Today I have the joy of formally describing something I have been unconsciously facilitating for years by now in my structures and schema designs: that of the pure data. What is it? Why does it matter?
Pure data is a formulation of data that obviates the possibility of communicating any invalid value by virtue of its structure. The most basic form of data structure is the enumeration – therefore, given an enumeration and a numeric coding (typically binary, so base 2), one can ascertain that the data is pure if its enumerative typing completely fills its numeric coding.
The most trivial case of this is the boolean, which is an enumeration of two values, false
and true
. The point of value about this is that concretely, communicating this only takes one bit, leaving no room for ambiguity in its constitution.
This can then be extended to all enumerations of arbitrary size: an enumeration of some bitfield or set of bitmasks which deal with 5 bits would be pure if it had exactly 2⁵ or 32 valid values, with no bits reserved, prohibited or undefined. It cannot have 33 values, as this would not fit, and it cannot have 31 values, as this would leave room for ambiguity which might be considered invalid.
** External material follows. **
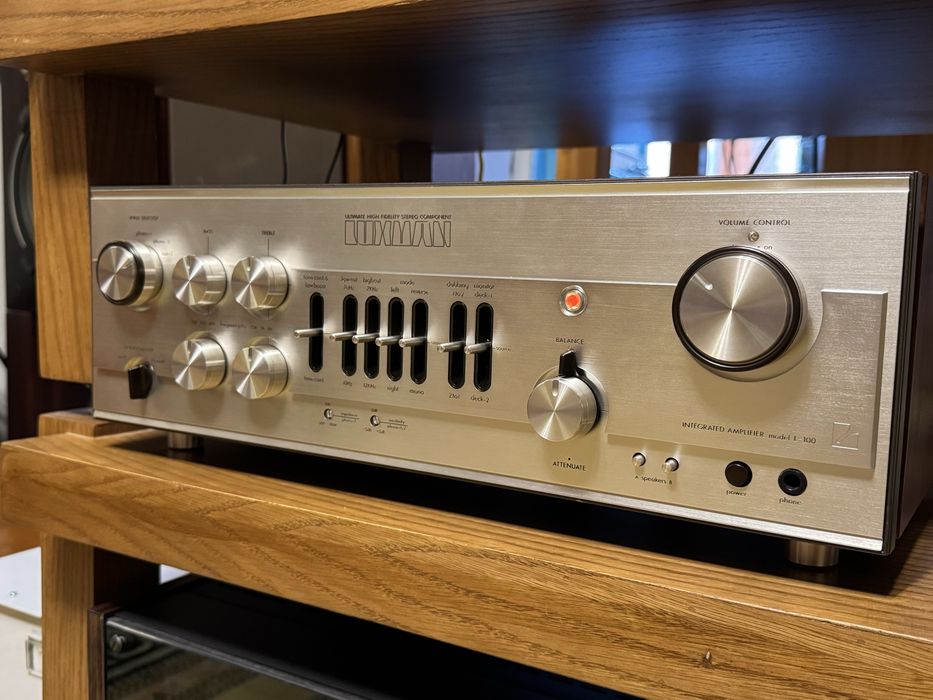 Продам Японский усилитель Luxman L100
Beyond this, one can extend the concept to the full breadth of plain old data by using struct
s and union
s in the same old C fashion. We define a pure data type as above, and conclude that a pure structure is that composed of a set of either pure data types or pure structures. The same law of associativity applies again with unions – as long as your primitive bits are pure, all the way down, your complex bits are pure, too.
Why does this matter? Two reasons: it is maximally efficient, and it eliminates deniability.
The first is more self-explanatory: no space is wasted in the information coding. We discussed this above with the 5-bit field providing exactly 32 values: any less and you still have room for more information, while any more would overflow the medium. It is therefore canonical in its structure.
The second perhaps has more profound implications: if I have a prior understanding with you that the form of something I may say to you in the future is either A, or B, and nothing else, I have made myself maximally transparent to you about my intentions and ability to communicate that thing whenever I may do so. I cannot later choose to send C, if only because I saved myself no means to do so. The only option besides A and B is to refrain from sending anything at all.
This is powerful because it minimises the surface area for more sophisticated forms of lying. 30 years of personal computing have shown us all the immense corrosive power of the colloquial “computer error” in popular culture, and unfortunately the utility of this as a basis for lies has only grown in proportion to the relevance of computers. I contend that this is only made possible by a defect in the understanding of informatics that informs our technical culture – we nerds simply don’t yet know how to make computers more robust in their honesty, until now. Historically we overlooked the propensity for chaos inherent to some field that is documented along the lines of Prohibited - Reserved Do Not Modify
, and this has led to much chaos and discord that the world could do without. Even ignoring adversarial interpretations of protocols and implementations, it is a danger in itself to have invalid values in a concrete data type as it will, at a minimum, demand special attention in its handling that distorts the weight of the data in relation to its companion algorithm. Sorting through a data set may be a fine and clean ordeal, but suddenly it’s not so nice when you have to check for invalid values. Working around that is a problem I contend is better solved at the data design stage rather than the implementation stage. So, the concept of pure data is a more fully generalised solution to these problems.
You can make your intended messages as clear as possible, but it will only get you so far if the medium underlying those messages is ambiguous in its own right. Pure data is about creating mediums that lack that kind of vulnerable ambiguity. As sure as it solves for efficiency and security in one fell swoop, I am confident that it is a very true and powerful concept that will come to inform much of informatics for centuries to come.